▶ **PROBLEM TO WORK ON**: Take the entries that follow and return exactly the lines from the one holding "Boden des Night" through the one holding "MAGLITE LED 2-Cell AA Mini Flashlight Grey", both included. Nothing else is needed.
___ DATA UNDER STUDY
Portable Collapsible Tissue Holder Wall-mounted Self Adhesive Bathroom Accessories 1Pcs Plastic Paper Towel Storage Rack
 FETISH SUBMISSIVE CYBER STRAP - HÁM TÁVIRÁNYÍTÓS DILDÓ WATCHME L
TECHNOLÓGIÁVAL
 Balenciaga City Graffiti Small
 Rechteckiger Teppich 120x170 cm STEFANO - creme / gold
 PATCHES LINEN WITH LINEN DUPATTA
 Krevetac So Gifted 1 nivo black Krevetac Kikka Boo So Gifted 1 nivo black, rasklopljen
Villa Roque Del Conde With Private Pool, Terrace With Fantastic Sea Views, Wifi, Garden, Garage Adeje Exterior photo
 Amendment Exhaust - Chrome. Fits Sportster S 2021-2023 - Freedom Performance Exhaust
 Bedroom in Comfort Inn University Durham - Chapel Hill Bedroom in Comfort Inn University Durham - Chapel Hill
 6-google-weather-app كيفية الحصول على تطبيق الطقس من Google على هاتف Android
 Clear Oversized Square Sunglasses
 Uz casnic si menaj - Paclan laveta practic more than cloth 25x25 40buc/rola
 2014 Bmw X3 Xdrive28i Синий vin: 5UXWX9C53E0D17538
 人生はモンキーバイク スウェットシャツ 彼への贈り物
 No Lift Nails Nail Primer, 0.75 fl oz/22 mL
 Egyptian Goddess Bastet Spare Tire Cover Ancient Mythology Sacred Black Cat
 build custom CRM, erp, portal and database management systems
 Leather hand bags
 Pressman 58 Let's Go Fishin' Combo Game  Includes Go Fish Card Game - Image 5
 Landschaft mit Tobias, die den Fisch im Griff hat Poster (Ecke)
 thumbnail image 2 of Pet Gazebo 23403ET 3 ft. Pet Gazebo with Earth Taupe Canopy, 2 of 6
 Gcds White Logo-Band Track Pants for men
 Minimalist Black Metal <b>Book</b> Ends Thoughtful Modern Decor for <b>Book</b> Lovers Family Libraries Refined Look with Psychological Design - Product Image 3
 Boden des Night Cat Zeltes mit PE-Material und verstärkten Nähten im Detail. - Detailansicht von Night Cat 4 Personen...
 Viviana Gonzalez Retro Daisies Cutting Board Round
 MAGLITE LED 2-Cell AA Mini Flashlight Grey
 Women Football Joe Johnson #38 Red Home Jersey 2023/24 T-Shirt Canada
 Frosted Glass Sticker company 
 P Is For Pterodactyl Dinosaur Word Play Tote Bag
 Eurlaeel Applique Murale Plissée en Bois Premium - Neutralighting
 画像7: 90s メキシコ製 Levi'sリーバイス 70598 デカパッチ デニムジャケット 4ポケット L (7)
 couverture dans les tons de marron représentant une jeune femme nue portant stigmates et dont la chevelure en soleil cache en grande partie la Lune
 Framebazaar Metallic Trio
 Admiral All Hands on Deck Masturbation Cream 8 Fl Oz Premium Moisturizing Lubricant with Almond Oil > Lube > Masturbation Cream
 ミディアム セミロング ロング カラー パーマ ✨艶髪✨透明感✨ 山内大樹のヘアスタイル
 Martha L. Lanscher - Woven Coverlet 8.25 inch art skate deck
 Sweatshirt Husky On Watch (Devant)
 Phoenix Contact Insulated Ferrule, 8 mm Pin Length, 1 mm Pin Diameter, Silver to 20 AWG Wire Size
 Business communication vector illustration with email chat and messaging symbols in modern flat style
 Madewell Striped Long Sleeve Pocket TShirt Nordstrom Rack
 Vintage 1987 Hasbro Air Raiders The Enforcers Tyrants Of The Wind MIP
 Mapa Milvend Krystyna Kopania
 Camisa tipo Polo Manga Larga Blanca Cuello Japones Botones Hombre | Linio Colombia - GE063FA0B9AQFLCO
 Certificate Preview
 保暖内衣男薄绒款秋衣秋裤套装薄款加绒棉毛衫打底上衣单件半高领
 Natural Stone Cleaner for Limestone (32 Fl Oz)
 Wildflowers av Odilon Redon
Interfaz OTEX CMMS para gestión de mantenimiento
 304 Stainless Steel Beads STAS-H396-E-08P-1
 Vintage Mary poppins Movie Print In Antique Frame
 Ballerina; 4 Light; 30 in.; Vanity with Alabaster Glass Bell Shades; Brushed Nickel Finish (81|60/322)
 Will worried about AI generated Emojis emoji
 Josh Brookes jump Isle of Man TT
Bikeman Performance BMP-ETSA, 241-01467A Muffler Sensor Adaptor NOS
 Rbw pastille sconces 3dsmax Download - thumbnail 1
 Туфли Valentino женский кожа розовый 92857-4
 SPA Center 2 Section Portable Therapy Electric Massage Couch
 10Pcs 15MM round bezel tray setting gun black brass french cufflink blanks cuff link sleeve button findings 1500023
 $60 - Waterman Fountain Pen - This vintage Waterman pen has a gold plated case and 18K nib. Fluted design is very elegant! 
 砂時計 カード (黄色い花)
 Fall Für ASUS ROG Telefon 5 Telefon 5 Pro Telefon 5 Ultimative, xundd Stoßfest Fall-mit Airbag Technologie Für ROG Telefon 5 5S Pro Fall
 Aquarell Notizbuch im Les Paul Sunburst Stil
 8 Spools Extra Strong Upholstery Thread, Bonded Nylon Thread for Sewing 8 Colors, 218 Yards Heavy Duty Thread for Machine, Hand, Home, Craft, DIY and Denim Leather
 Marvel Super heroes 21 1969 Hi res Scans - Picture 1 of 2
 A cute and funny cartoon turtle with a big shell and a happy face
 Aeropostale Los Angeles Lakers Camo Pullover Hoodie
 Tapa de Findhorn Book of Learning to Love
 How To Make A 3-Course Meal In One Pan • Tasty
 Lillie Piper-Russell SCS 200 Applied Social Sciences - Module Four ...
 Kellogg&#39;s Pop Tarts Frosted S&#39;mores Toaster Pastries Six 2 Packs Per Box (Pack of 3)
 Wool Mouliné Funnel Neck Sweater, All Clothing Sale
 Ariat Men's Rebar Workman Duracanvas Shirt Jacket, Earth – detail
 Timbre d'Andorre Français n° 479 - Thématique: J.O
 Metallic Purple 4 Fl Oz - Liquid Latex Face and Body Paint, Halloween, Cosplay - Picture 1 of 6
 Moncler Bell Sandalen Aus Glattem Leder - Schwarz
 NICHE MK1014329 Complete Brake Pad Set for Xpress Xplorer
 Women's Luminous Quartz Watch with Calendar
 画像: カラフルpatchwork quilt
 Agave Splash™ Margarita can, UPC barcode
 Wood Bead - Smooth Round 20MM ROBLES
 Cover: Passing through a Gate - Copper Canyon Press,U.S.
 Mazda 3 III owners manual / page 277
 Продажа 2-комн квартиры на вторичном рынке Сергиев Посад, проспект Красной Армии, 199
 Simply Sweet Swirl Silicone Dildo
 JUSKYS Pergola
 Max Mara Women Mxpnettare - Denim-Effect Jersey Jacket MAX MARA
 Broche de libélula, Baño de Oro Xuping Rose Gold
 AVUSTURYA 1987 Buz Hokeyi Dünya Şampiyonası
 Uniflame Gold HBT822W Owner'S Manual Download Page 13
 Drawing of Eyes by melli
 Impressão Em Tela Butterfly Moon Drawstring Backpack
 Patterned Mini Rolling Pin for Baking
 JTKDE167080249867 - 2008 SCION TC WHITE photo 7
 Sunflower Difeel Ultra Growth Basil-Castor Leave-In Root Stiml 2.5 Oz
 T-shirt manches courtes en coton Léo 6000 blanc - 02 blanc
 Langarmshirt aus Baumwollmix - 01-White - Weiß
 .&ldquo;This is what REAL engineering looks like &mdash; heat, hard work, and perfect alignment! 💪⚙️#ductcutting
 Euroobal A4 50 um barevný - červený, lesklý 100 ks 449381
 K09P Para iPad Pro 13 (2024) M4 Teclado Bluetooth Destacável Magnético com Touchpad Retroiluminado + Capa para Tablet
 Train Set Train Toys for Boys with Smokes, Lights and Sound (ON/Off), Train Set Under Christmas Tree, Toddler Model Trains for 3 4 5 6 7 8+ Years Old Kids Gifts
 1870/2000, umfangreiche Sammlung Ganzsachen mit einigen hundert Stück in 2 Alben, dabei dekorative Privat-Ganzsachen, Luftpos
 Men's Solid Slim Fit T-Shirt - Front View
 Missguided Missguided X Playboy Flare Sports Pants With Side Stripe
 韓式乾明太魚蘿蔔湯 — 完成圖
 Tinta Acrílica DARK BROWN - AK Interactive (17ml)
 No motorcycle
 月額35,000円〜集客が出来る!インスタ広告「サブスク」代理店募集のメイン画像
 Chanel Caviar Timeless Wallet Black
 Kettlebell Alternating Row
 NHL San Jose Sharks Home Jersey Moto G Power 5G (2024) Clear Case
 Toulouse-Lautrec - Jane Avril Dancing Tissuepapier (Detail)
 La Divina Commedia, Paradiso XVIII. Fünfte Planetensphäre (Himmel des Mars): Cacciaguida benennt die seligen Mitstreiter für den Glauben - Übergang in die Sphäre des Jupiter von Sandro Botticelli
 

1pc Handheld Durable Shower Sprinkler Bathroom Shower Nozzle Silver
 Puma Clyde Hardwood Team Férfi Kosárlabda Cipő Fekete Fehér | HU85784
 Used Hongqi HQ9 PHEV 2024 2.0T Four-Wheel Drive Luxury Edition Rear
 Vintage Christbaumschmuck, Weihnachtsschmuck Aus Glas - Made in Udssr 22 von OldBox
______
▶ **SOLUTION TO THIS TASK**:
 Boden des Night Cat Zeltes mit PE-Material und verstärkten Nähten im Detail. - Detailansicht von Night Cat 4 Personen...
 Viviana Gonzalez Retro Daisies Cutting Board Round
 MAGLITE LED 2-Cell AA Mini Flashlight Grey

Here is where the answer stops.